#### Data supplied ####

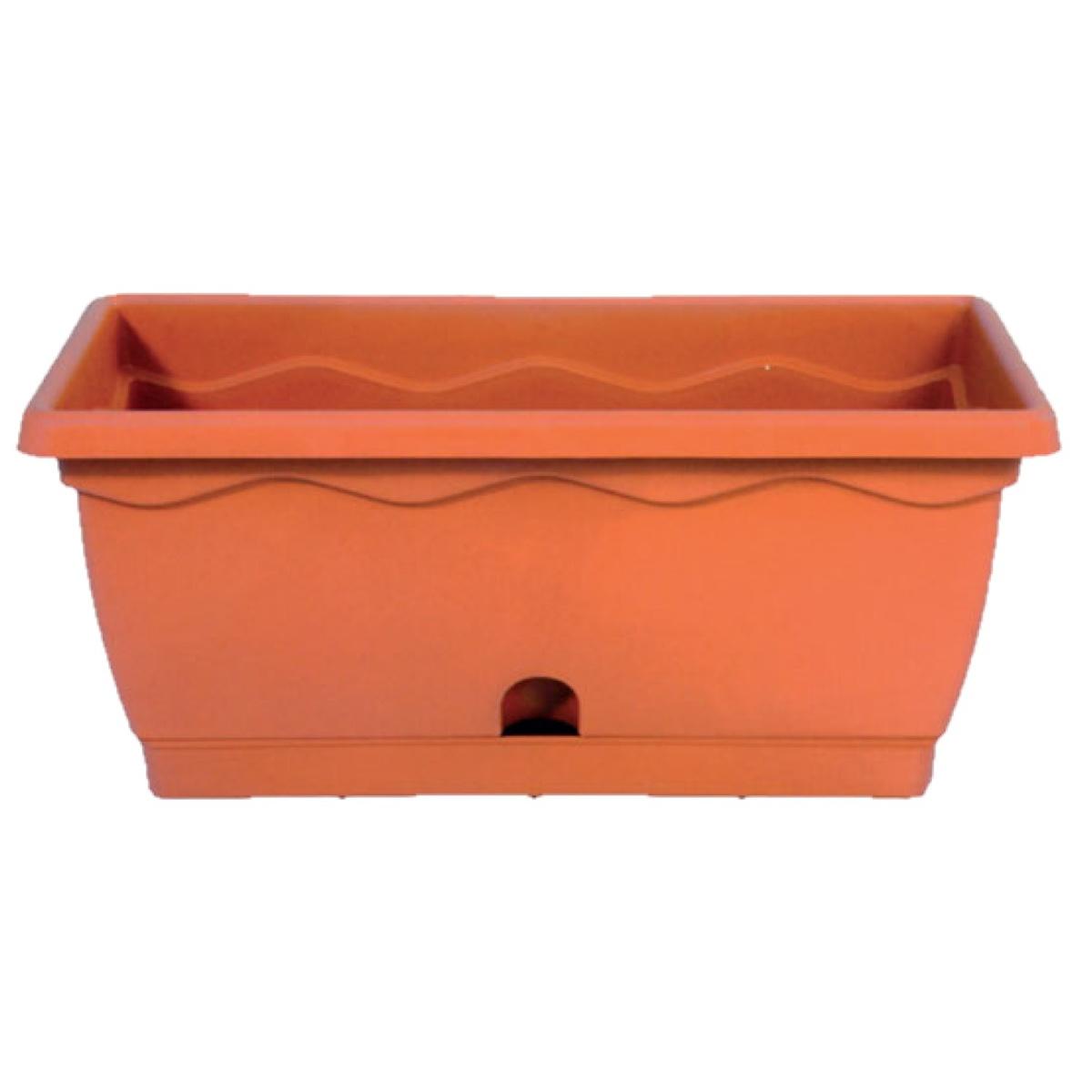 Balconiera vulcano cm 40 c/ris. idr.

####
#### Data supplied ####

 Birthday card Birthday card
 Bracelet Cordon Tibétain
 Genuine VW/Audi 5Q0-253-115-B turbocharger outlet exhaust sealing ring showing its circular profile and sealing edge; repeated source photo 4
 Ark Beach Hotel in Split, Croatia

####

Task goal = Write down again, exactly as given, only the lines above that fall from the line with "Bracelet Cordon Tibétain" to the line with "Ark Beach Hotel in Split, Croatia", inclusive.

Solution for this exercise =
 Bracelet Cordon Tibétain
 Genuine VW/Audi 5Q0-253-115-B turbocharger outlet exhaust sealing ring showing its circular profile and sealing edge; repeated source photo 4
 Ark Beach Hotel in Split, Croatia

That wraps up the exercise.